Get formatted validation report:
result = validate_sequence(workflow)

# Print formatted summary
print(result.get_summary())

# Output:
# Validation Status: INVALID
# Errors: 1
#   - ERROR: Cycle detected: A -> B -> C -> A
# Warnings: 1
#   - WARNING: Node appears to be a dead end
# Suggestions: 0

Built-in Validators

CycleDetectionValidator

Detects circular dependencies in workflow graphs:
from egregore.core.workflow import node, decision

@node("A")
def node_a(data): return data

@node("B")
def node_b(data): return data

@node("C")
def node_c(data): return data

# Create cycle: A -> B -> C -> A
@decision("route")
def route(data):
    return "A"  # Always returns to A

# This will fail validation
workflow = Sequence(node_a >> node_b >> node_c >> route)
result = validate_sequence(workflow)

# Result:
# ERROR: Cycle detected: A -> B -> C -> route -> A
# Suggestion: Remove one of the connections in the cycle or add max_iter to decision nodes
Cycle Detection Algorithm:
  • Uses DFS (Depth-First Search) with color coding (WHITE, GRAY, BLACK)
  • WHITE: Unvisited nodes
  • GRAY: Currently being explored (in recursion stack)
  • BLACK: Fully explored
  • Back edge from GRAY to GRAY = cycle detected

DependencyValidator

Validates node dependencies and structure:
from egregore.core.workflow import parallel

# Empty parallel node (error)
empty_parallel = parallel()  # No child nodes

result = validate_sequence(Sequence(empty_parallel))
# ERROR: Parallel node has no child nodes
# Suggestion: Add nodes to parallel execution or use a regular node

# Duplicate names in parallel (error)
@node("fetch")
def fetch1(data): return data

@node("fetch")  # Same name!
def fetch2(data): return data

parallel_with_duplicates = parallel(fetch1, fetch2)
result = validate_sequence(Sequence(parallel_with_duplicates))
# ERROR: Parallel node contains duplicate names: fetch
# Suggestion: Ensure all parallel nodes have unique names
Checks performed:
  • Parallel nodes have at least one child
  • No duplicate names in parallel branches
  • Valid concurrency limits (positive integers)
  • Decision nodes have at least one pattern
  • Structural warnings for dead-end nodes

SchemaValidator

Validates workflow configuration and schema:
# Empty sequence (error)
empty_workflow = Sequence(None)
result = validate_sequence(empty_workflow)
# ERROR: Sequence has no start node
# Suggestion: Provide a start node when creating the sequence

# Single-node workflow (warning)
single_node = Sequence(processor)
result = validate_sequence(single_node)
# WARNING: Sequence contains only one node
# Suggestion: Consider if this should be a simple function call instead
Checks performed:
  • Sequence has a start node
  • Sequence contains executable nodes
  • Meaningful workflow structure
  • Basic configuration validity

Custom Validators

Create Custom Validator

Implement BaseValidator to create custom validation rules:
from egregore.core.workflow.validation import (
    BaseValidator, ValidationResult, ValidationError, ValidationWarning
)

class CustomValidator(BaseValidator):
    """Custom validation logic."""

    @property
    def validator_name(self) -> str:
        return "CustomValidation"

    def validate(self, sequence) -> ValidationResult:
        """Perform custom validation."""
        errors = []
        warnings = []

        # Custom validation logic
        nodes = self._get_all_nodes(sequence)

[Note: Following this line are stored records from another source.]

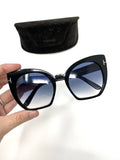 Tom Ford Sunglasses Samantha-02 Cat Eye 01W Black
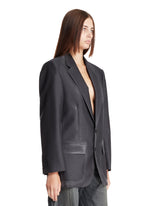 Gray Single-Breasted Blazer | PDP | Antonia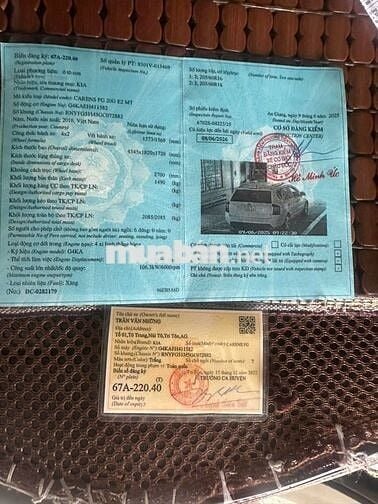 Kia Carens 2016 EX MT 2.0 - 190000 km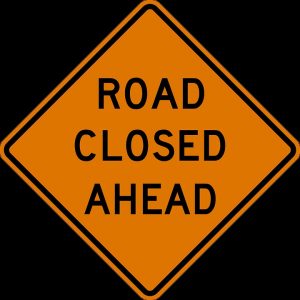 road closed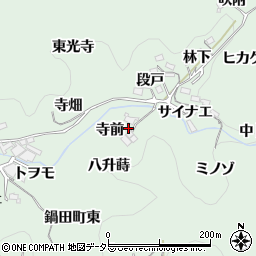 愛知県豊田市鍋田町（寺前）周辺の地図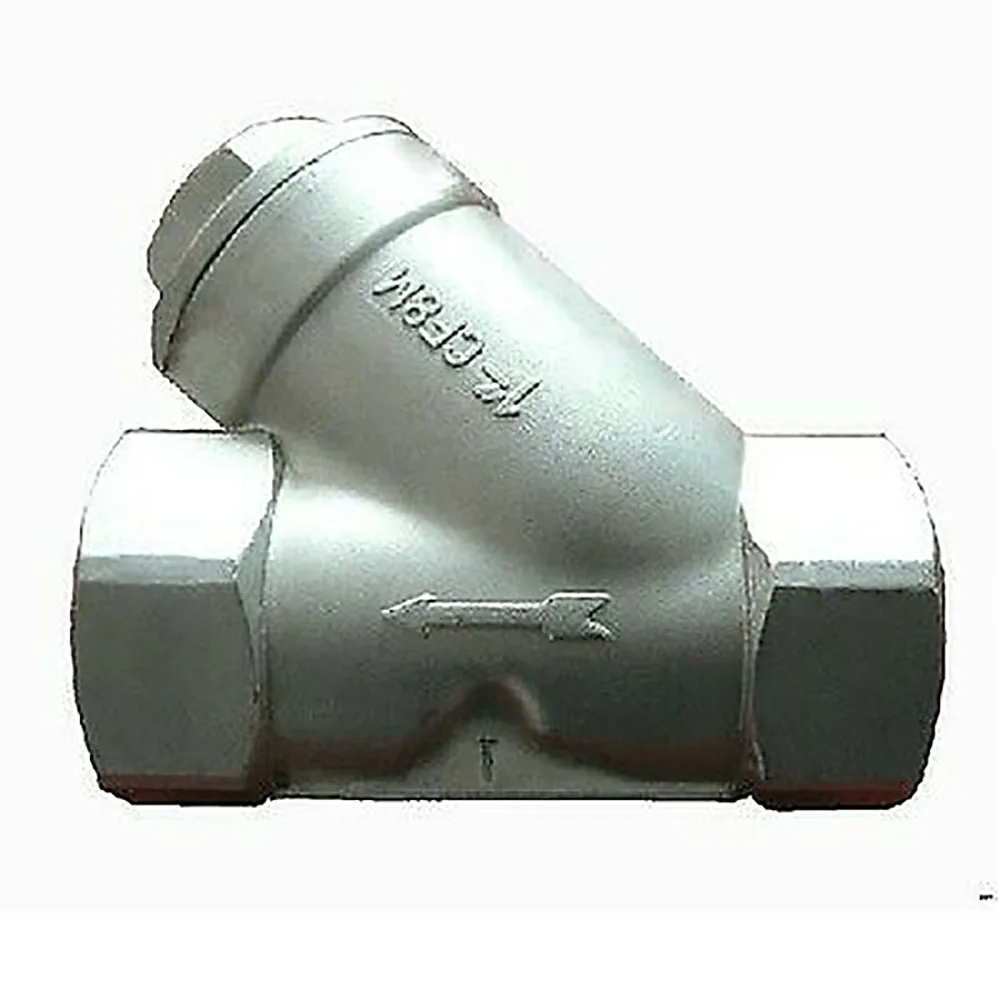 Raccord de filtre en ligne Y femelle bpsp 1/2 "à 3", en acier inoxydable 304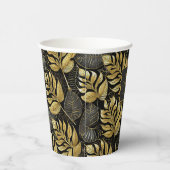 ブラック金ゴールドクリスマスパターン#29 ID1009 紙コップ (右)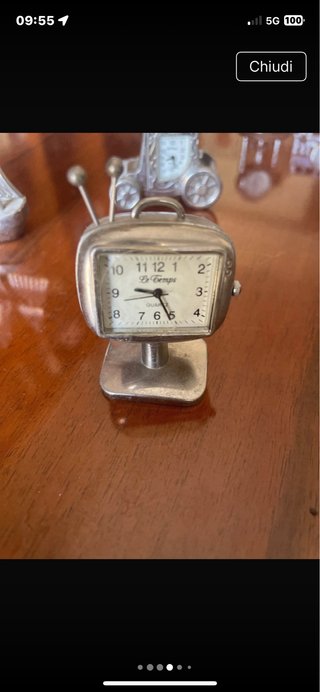 Set 7 orologini antichi acciaio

        for node in nodes:
            # Example: Check node names
            if hasattr(node, 'name') and not node.name:
                warnings.append(ValidationWarning(
                    message=f"Node {node} has no name",
                    location=node,
                    suggestion="Add a name for better debugging"
                ))

            # Example: Check for specific pattern
            if hasattr(node, 'name') and 'test' in node.name.lower():
                warnings.append(ValidationWarning(
                    message=f"Node name contains 'test': {node.name}",
                    location=node,
                    suggestion="Remove test nodes before production"
                ))

        return ValidationResult(
            is_valid=len(errors) == 0,
            errors=errors,
            warnings=warnings
        )

    def _get_all_nodes(self, sequence):
        """Helper to get all nodes."""
        from collections import deque
        nodes = []
        visited = set()
        queue = deque([sequence.start])

        while queue:
            node = queue.popleft()
            if node in visited or node is None:
                continue
            visited.add(node)
            nodes.append(node)

            # Add connected nodes
            if hasattr(node, 'next_node') and node.next_node:
                queue.append(node.next_node)

        return nodes

Use Custom Validator

# Create validator
custom_validator = CustomValidator()

# Validate with custom validator
result = validate_sequence(workflow, validators=[custom_validator])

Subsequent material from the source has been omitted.